Halifax regional council is being asked to re-examine its policy governing street meat.
Coun. Jennifer Watts indicated during this week’s council meeting that she’d be asking her fellow councillors to approve a staff report into bylaw C-500, which regulates food cart vending.
Watts said she had been approached by a few prospective venders looking for bylaw amendments that could enable a more creative approach to street fare than your standard fish and chips or hotdogs.
“(The amendments) would help facilitate either the food truck or the food cart industry,” said Watts.
“Basically it’s asking staff to … consult with the people who are interested in entering into this area and with people who are already involved with it … (and) the existing business community.”
For food trucks, the amendments include relaxing a rule in the current bylaw that disallows street vending from 4 to 9 a.m. – basically eliminating the possibility of trucks serving breakfast.

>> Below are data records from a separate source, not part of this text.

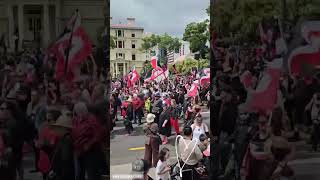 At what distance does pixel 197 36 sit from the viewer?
6.21 metres

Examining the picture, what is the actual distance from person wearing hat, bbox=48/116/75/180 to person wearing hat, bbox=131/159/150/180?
2.99 feet

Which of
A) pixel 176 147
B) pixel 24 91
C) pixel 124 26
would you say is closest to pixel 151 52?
pixel 124 26

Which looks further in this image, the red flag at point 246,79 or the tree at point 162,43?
the tree at point 162,43

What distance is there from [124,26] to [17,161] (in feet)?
6.88

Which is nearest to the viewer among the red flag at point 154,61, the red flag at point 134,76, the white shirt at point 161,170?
the white shirt at point 161,170

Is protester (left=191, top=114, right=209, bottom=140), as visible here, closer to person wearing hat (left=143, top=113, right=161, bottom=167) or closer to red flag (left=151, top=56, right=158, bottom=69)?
person wearing hat (left=143, top=113, right=161, bottom=167)

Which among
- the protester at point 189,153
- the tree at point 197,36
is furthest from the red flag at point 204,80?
the protester at point 189,153

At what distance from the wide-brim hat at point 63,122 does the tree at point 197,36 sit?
78.8 inches

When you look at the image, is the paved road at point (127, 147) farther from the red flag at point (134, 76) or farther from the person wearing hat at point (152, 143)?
the red flag at point (134, 76)

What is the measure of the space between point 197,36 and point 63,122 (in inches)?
87.9

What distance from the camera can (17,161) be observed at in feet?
17.2

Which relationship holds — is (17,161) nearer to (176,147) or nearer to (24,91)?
(24,91)

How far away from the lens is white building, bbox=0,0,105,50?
4.96 meters

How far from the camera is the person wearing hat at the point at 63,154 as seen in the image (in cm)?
512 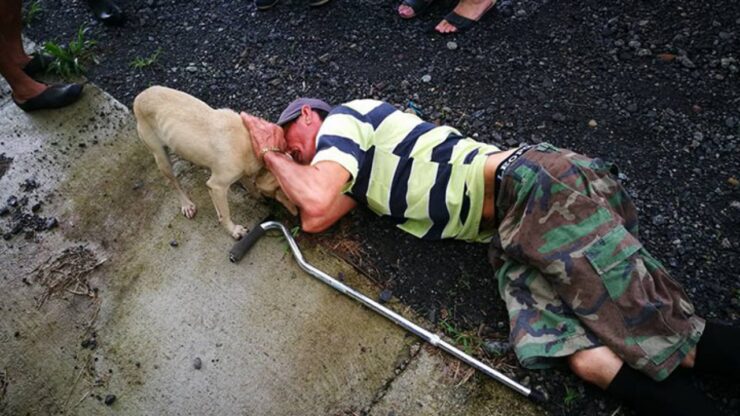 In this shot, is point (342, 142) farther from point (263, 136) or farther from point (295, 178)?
point (263, 136)

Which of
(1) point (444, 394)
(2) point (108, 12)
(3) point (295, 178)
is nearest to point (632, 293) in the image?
(1) point (444, 394)

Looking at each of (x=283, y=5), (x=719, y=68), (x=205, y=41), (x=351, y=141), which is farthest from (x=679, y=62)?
(x=205, y=41)

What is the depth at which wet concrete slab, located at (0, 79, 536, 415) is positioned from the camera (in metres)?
2.55

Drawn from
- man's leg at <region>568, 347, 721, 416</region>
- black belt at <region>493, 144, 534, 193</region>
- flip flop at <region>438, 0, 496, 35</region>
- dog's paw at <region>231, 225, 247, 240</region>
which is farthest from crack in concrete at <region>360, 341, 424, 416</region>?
flip flop at <region>438, 0, 496, 35</region>

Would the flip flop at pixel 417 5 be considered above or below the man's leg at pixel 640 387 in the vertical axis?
above

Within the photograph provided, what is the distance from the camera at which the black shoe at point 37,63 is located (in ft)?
13.1

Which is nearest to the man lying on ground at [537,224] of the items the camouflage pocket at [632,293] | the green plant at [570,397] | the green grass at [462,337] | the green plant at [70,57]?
the camouflage pocket at [632,293]

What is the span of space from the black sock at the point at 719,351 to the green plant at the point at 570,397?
497 mm

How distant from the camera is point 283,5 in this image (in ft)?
14.3

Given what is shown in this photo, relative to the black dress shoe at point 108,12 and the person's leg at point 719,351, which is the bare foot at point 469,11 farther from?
the person's leg at point 719,351

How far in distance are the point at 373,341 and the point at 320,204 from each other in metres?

Another desired amendment, according to Watts, is the prohibition of two venders sharing the same spot.
“This would allow for catching the early morning crowd in terms of what people may be wanting on their way to work,” Watts said.
It’s not possible for that early morning vender to share their spot with someone serving the evening or late night crowd – and potentially limits municipal revenue from permits.
Under the current bylaw, food carts – drawn by bicycles, for instance – are limited to serving “frozen treats.” So no luck if you’re craving a burrito bike.
Under the bylaw, all truck or cart operators are still required to be approved by the Department of Health and Wellness, as well as the Department or Labour.